Common misconceptions or difficulties students may have:
Common difficulties students may encounter come in understanding the context of the time. To help aid this and enable students to gain a better understanding of the context of the time, students need to know that Europe was made up of small independent squabbling states and was not as centralised as it has been since the turn of the century. Communication was poor and knowledge of the world was limited and due to this, concepts such as nationalism, religious freedom, and equality were almost non-existent. Scandinavia was far more progressive, in so far as, women enjoyed grater freedoms compared to their European counterparts and Viking society had an established and widespread autonomous class known as Yarls (similar to yeoman of the later middle ages). However, this class was hierarchical and had slaves and serfs as well as elites in its function. Students will need to recognise that loyalties lay with those in the local community and to the chieftain as opposed to any notion of country and nation. Moreover, because religion was not centralised and had no influence over political decisions on the scale that Christianity did on western powers, there was also no constricting loyalty to organised religion. Therefore, students cannot really use much of the prior knowledge of medieval Europe to help them to understand Viking society.
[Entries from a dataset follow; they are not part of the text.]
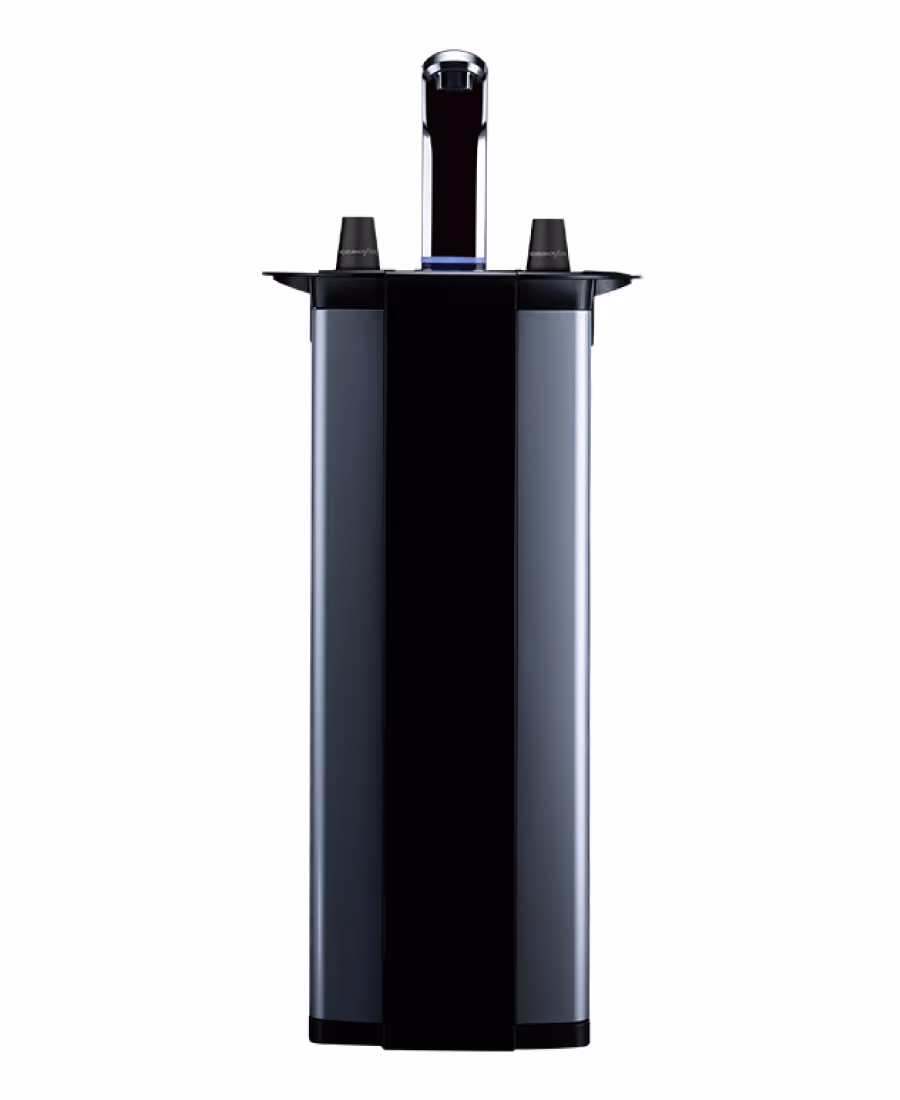 Borg & Overström B5 mains-fed water cooler in silver, front view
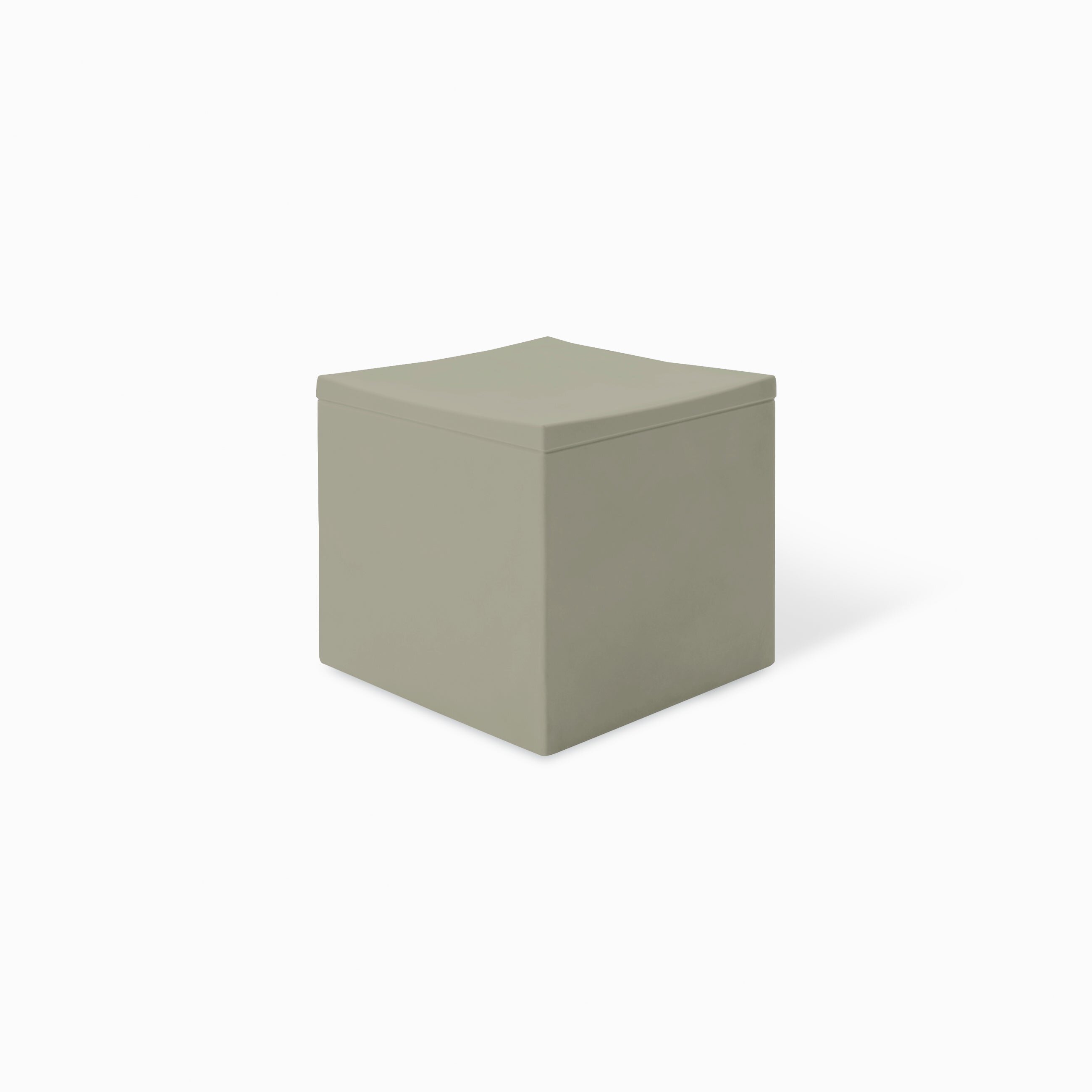 Lounge Cube Stool by Serralunga Furniture Stool Lounge Cube Stool by Serralunga Furniture Stool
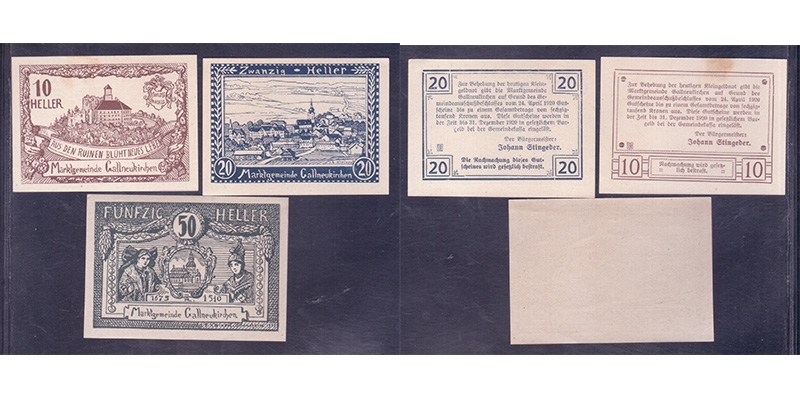 OÖ Notgeld Marktgemeinde Gallneukirchen 1920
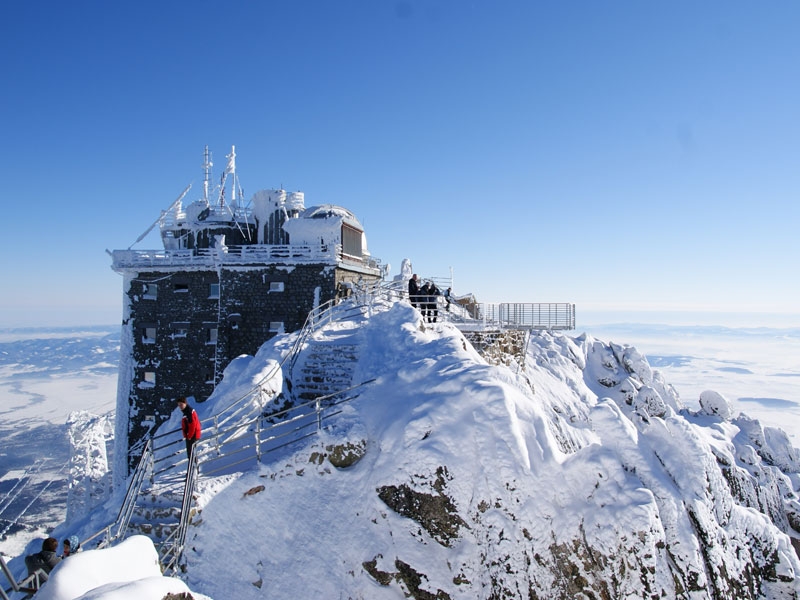 Lomnický štít - observatórium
Conceptual links to other areas of the specification – useful ways to approach this topic to set students up for topics later in the course:
Due to the period being so unique in history students won’t directly have any historical backdrop from which to reference. However, their knowledge of second order historical concepts and enquiry skills should come into developing and understanding and aid the learning within the classroom. A wealth of excellent resources is available online which can be used for prior reading; documentaries on sites such as YouTube are also helpful. These can be adopted and adapted according to the pace of the course.
Thinking Contextually
Overview
Scheme of work: Unit Y302
Viking Society
This page introduces students to the main concepts of Viking society. Sub-groups of society could be mind-mapped and students could think of a statement to best sum up the society. From this a “how far” question could be constructed. This could be peer assessed.
This activity is intended introduce students to the topic and provide a generalised factual overview. The aim is to consolidate understanding of the ‘bigger picture’ in order to provoke contextual thinking before embarking on detailed studies of each theme topic.
Viking Kingship
Students create a profile of achievements and failures of the following Kings:
- Harald Finehair
- Olaf Tryggvason
- Olaf Skotkonung
- Harald Bluetooth
Students can create a class debate on which Viking King had the most and least impact. Students can then summarise the concept of Viking kingship and how this developed through the age.
This can help build an overview of the development of Viking kingship.
Causes and development of raids
Using the timeline, students select key events in the history of viking raiding and then summarise how patterns of raiding developed overtime. Students can use the second website to add to their timeline.
This activity is intended to support introductory reading which is supplemented with basic timelines, maps and visual material. It encourages students to gain a generalised factual overview. The aim is to consolidate understanding of the ‘bigger picture’ in order to provoke contextual thinking before embarking on detailed studies of each theme in the topic.
Impact raids
The Great Heathen Army and the re-emergence of Wessex
Viking raiding and trading in Ireland
The extent and impact of Viking settlements
The role of Viking art and religion
The extent and impact of raids in England in the 8th and 9th centuries
Students can use these two websites to chart the development of Viking raids in England. From this, students can identify the key turning points in the raiding and decide on two overall statements which support and contradict their findings. Students can then write an argument for either interpretation.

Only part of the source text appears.